= Chief visibility officer =

A chief visibility officer (CVO) or director of visibility is an individual appointed to oversee all aspects of performance across retail stores, corporations or organizations as part of the C-Suite of executives. The role of the CVO emerged to manage the integration of ideas, disciplines, technologies and people focused on elevating retail enterprise visibility. The title is commonly associated with retail loss prevention leaders and professionals who maintain the highest position in security management and maintain the security operations in the store to achieve a high level of visibility.

==Role==
The CVO is focused on security systems as they contribute to higher profits and elevated store performance levels. The importance of the CVO position has risen as criminals and organized retail crime grows more sophisticated in thwarting security solutions. According to the Centre for Retail Research Global Retail Theft Barometer 2011 study, Total global shrink in 2011 cost retailers $119.092 billion, an average of 1.45% of global retail sales. The shrinkage rate was an average of 6.6% higher than 2010. The losses are said to cost each family $199.89 per that year. Working with security integrators to achieve maximum visibility into what takes place in a retail store on a daily basis allows the CVO to impact not only shrinkage numbers, but also to improve store operations.
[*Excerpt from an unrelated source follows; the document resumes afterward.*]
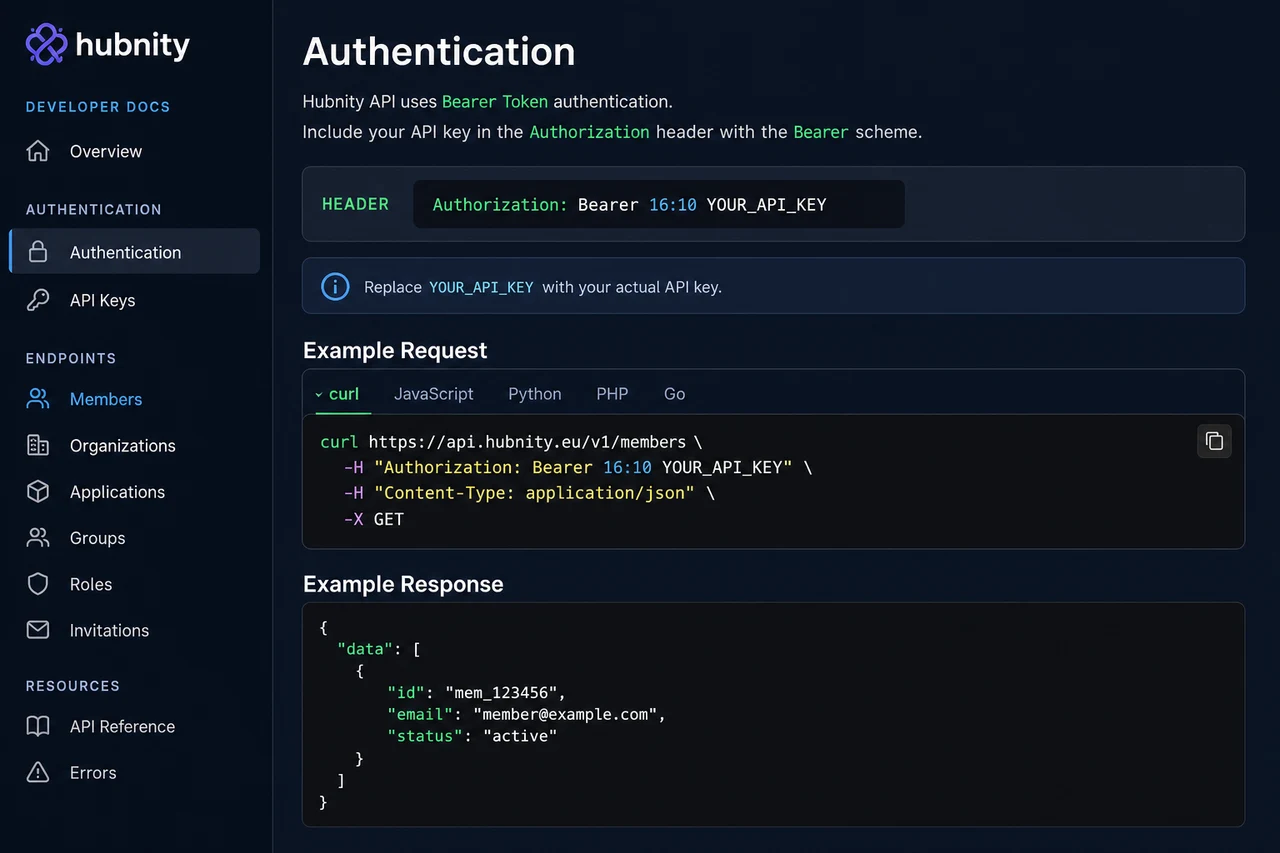 Authentication header screenshot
This approach was cited by the University of Leicester study on Effective Retail Loss Prevention, 10 Ways to Keep Shrinkage Low where it was noted that among the keys to reducing shrinkage in an organization included establishing a senior management commitment, ensuring organisational ownership, embedding loss prevention into the business and providing strong leadership.

==Challenges==
Shrinkage can occur in a number of different areas for a retailer: employee theft, including sweethearting shoplifting/organized retail crime, administrative error and vendor fraud. The goal of a CVO is to maximize business profits by reducing losses. To accomplish this objective, CVOs analyze the full spectrum of store operations from employee and customer behavior to vendor and supplier patterns and supply chains. Integrated technologies can provide a comprehensive picture of customer behavior, staffing needs and merchandising trends, in addition to preventing losses for the store. The CVO must be in touch with core challenges across an organization to implement and integrate security solutions tailored to protect its unique vulnerabilities. According to securitysales.com retailers are looking beyond standalone technology like electronic article surveillance (EAS) systems or cameras and access control and aiming to have visibility across the demand and supply chain.